Just as Thomas Merton, in his classic book The Sign of Jonas, could contrast his desire for more solitude and silence (with the Carthusians or Camaldolese hermits) with the inexplicable something that kept him at Gethsemani despite the noise, the busyness, the crowdedness, I can look back over the last eleven years as a member of the Brothers of the Sacred Heart and marvel at the inexplicable something that has conspired to overcome my impatience, my arrogance, my personal preferences. In many cultures, the initiation of the boy into the young man involves a ritual death, such as baptism in the early church, or even “digestion” by a god or a monster, which culminates in a ritual rebirth. I can’t exactly say I have had more than my share of death to deal with, but I am greatly blessed that my community has, as Richard Rohr puts it, held my feet to the fire long enough to become feet. I say all of this by way of gratitude to the community of Brothers and friends and family who have mentored me and put up with more from me than any of us realize, and by way of introduction to the little essay that follows. I wrote this for the directed readings course I am taking on "Sacred Landscapes" -- spirituality and geography -- as a synthesis of the book The Solace of Fierce Landscapes, by my teacher Belden Lane.

“[L]ike Jonas himself I find myself traveling toward my destiny in the belly of a paradox.” (Merton 11) Images of being swallowed, digested, and regurgitated abound in the mythological literature, including the Judeo-Christian scriptures, and in the monastic tradition of Christianity. What is it about the archetype of the “belly of the beast” that serves as an image of transformation in so many cultures and spiritual traditions?

Central to the desert spirituality and the transformation that takes place “in the belly of the beast” is an anthropology that understands our truest self over against the ego, which operates on a certain set of illusions and falsehoods.
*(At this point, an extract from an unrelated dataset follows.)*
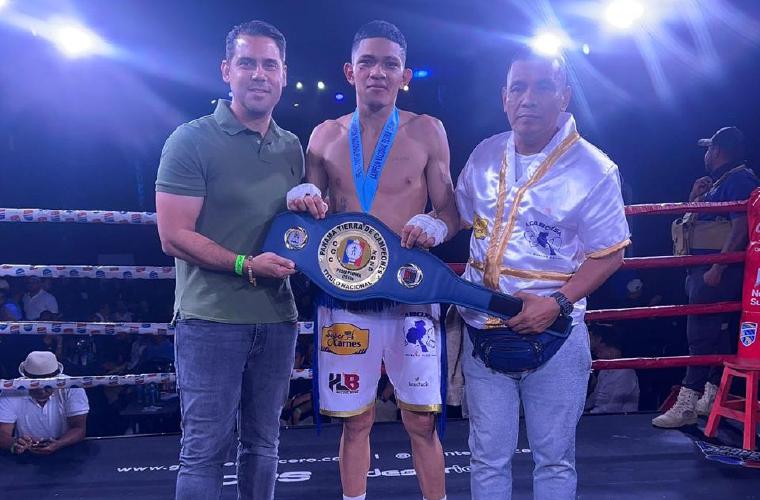 Maximiliano Bonilla (c) junto a su entrenador Camilo Rodríguez (der.) y el promotor Roberto Mora, de High Level Boxing.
If it is true that the primary task of the ego is to secure itself in relation to the world, then it will follow that the ego will react negatively to anything that serves to un-secure it, whether through denial, violence, or any of a hundred other smokescreens that can distract the ego from its own essential fragility and unimportance to the world. “Now if we take our vulnerable shell to be our true identity, if we think our mask is our true face, we will protect it with fabrications even at the cost of violating our own truth.” (Cunningham 392) This seems to be why harsh taskmasters and elders have been so important in the initiation of young people in so many cultures and time periods: the ego squirms away from the “death” that initiation inevitably forces them to face. Even if it is true that “the desert tradition never seeks the destruction of the self,” (Solace 13) undercutting the ego and its need for control is a fairly standard practice, essential to bring the person into contact with the self, the true self who is to be distinguished from the false self that the ego tries to construct for itself.

Here the image of the belly of the beast becomes important. For Jonah, the beast symbolizes that which takes him in a direction he does not want to go, while “the sign of Jonas” represents for Jesus the transformation that comes from entering into death. For the Christian, as Merton puts it, “To fully ‘hear’ and ‘receive’ the word of the cross means much more than simple assent to the dogmatic proposition that Christ died for out sins. It means to be ‘nailed to the cross with Christ,’ so that the ego-self is no longer the principle of our deepest actions, which now proceed from Christ living in us.” (Cunningham 418) This rather wintry piety is essential to avoid turning Dame Julian’s deep truth, “All will be well” into an artificially sunny (and self-serving) “All will be well for me.” Like the parent who lets the baby cry itself to sleep rather than get up every time it makes a little noise, the belly of the beast is a reminder that the world is not here to be at my disposal. Job, another of the many classic Biblical figures who are thrown into the belly of the beast, has to reckon with the fact that the world “goes on perfectly well without him, even though it surely seemed in the bleak corridors of his imagination that nothing could have continued beyond the enormity of his suffering.” (Solace 55)

What happens when there is no one around to affirm all the personae I put out for people to praise or console, when no one is impressed by how many degrees or cars or sexual conquests (or, for that matter, levels of humility or spiritual “attainments”) I have racked up? In such a situation, “the fragile ego loses its props and supporting lines. Its incessant need for validation is ignored.” (Solace 43) This is quite a far cry from the “Jesus loves me, this I know” brand of Christianity which has so compartmentalized God to some private corner of my life that all it can do is bolster my self-esteem, the “housebroken and eminently companionable” God (Solace 53) who is functionally an extension of my ego and so has nothing new to challenge me with. It is also, by the way, a far cry from the God whose truth can be summed up, "Vote Republican" or "Vote Democrat," a God who is useful only for structure legitimation, which is the crudest and most shameless extension of ego legitimation.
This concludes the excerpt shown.